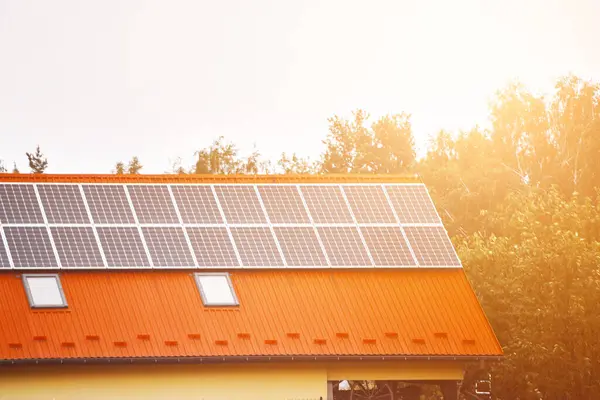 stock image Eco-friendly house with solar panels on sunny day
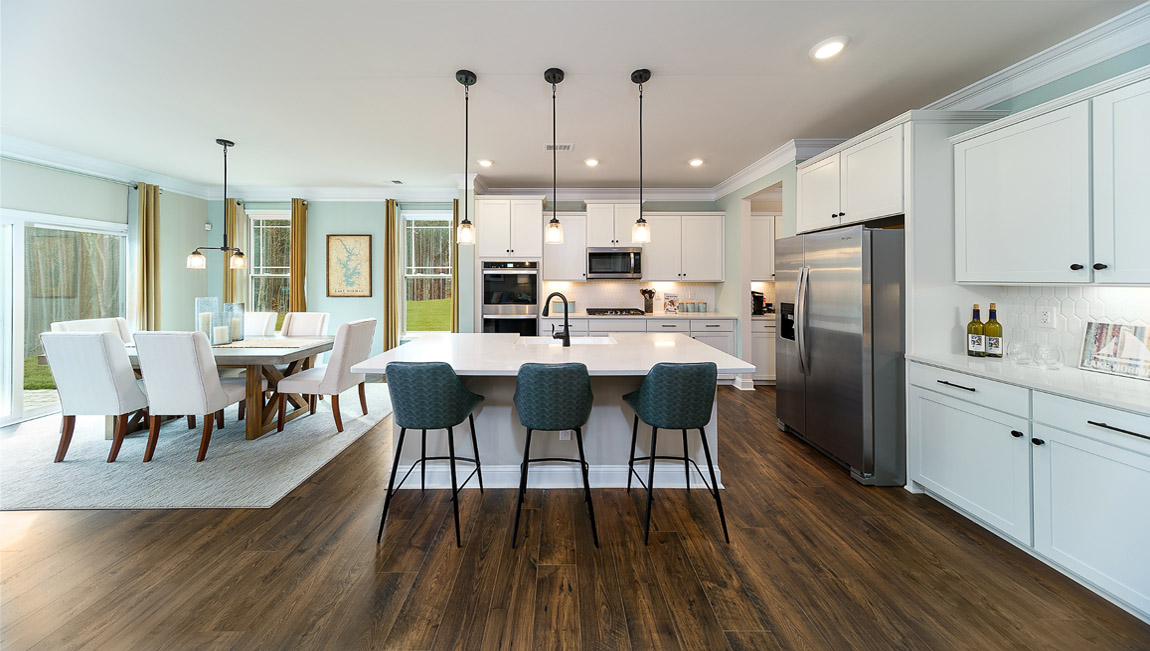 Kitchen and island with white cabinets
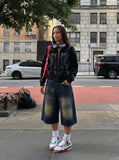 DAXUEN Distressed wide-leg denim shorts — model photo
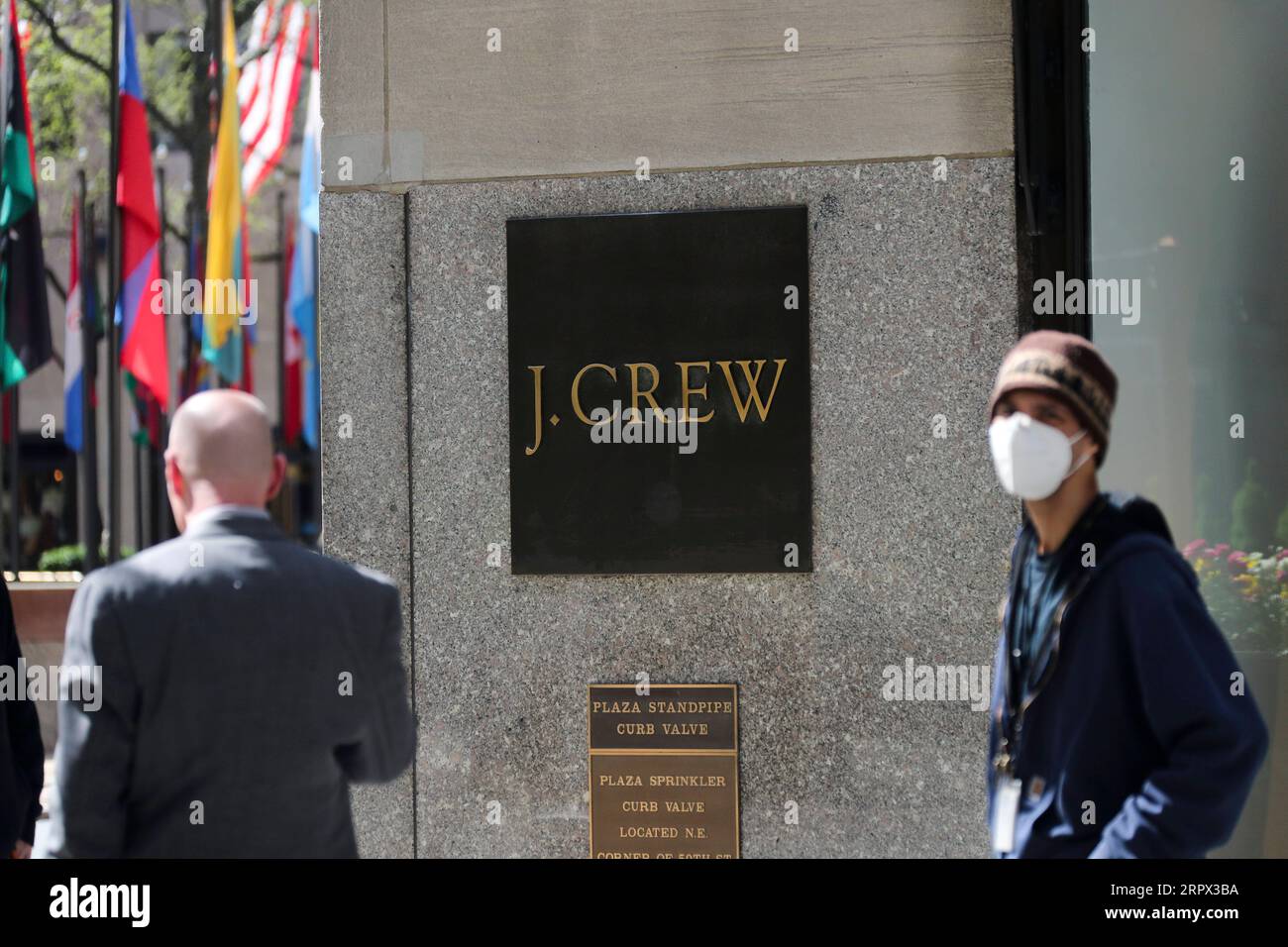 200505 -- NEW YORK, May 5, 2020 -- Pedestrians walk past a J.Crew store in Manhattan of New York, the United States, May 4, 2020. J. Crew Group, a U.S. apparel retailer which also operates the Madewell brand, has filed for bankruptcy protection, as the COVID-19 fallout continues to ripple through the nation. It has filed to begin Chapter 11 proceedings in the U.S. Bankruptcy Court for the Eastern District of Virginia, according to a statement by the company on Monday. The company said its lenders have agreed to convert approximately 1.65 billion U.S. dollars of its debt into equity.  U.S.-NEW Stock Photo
————
▶ _Requirement_
Could you reproduce exactly the lines from the first line of the listing through the line containing "DAXUEN Distressed wide-leg", both included, with pictures left out?

▶ _Task output_
 stock image Eco-friendly house with solar panels on sunny day
 Kitchen and island with white cabinets
 DAXUEN Distressed wide-leg denim shorts — model photo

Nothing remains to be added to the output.